Speaking at the BRE’s second annual conference on the subject of Respect for People, Norman Haste said: “The decline is precipitated by the wholesale move to subcontracted labour. The unions have a very important role. I am a supporter of trade unions and share the commitment to the values of direct employment because it creates loyalty and pride in the workforce.”
Haste went on to add that if the skills shortage wasn’t addressed quickly there would not be enough operatives to carry out the large schemes planned for London and the South-east.
“For some projects, clients may well find they have to go abroad for the skills needed,” he said. “I don’t believe that there are sufficient resources in London and the South-east to support the needs of the Channel Tunnel Rail Link and Terminal 5.”

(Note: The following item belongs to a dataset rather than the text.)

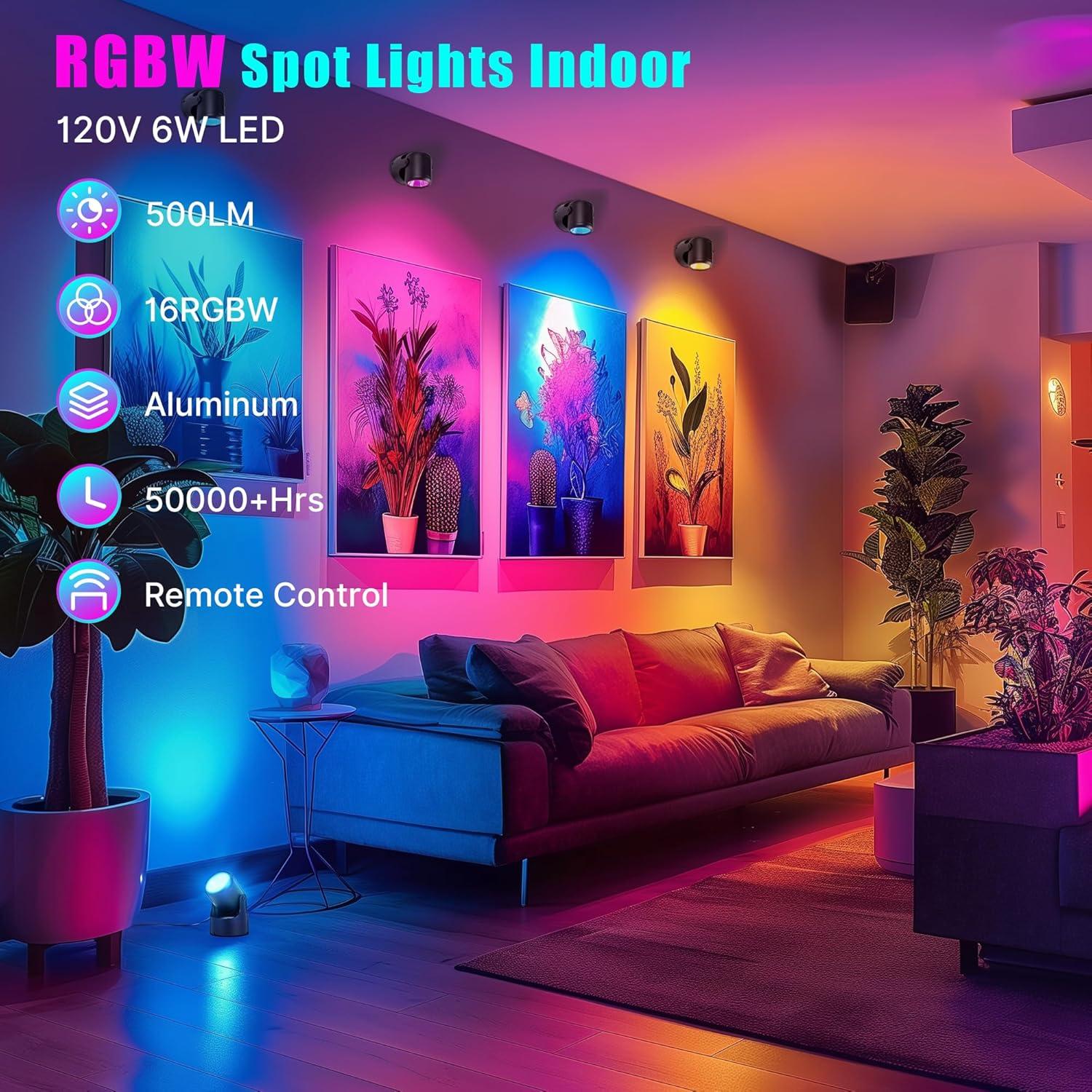 Foco LED RGBW Kandicyar 7W 16 Colores Control Remoto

Respect for People is an initiative set up by the Movement for Innovation to encourage people to join the industry and then stay in it. In particular, the aim is to recruit more women and ethnic minorities, partly by improving the industry’s horrendous health and safety record and poor site conditions.

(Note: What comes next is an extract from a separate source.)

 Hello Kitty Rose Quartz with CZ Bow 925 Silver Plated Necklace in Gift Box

Alan Crane, chairman of the Movement for Innovation, warned the industry that if it did not manage to improve working conditions and safety records, and attract a labour force other than white males, construction would not be able to continue much longer in business.
“A change of attitudes will be crucial to profit and even survival. This is the most urgent challenge,” said Crane.
There was great disappointment that construction minister Beverley Hughes was unable to attend the conference to deliver the keynote speech. The minister was at the House of Commons delivering the Local Government Bill to Parliament.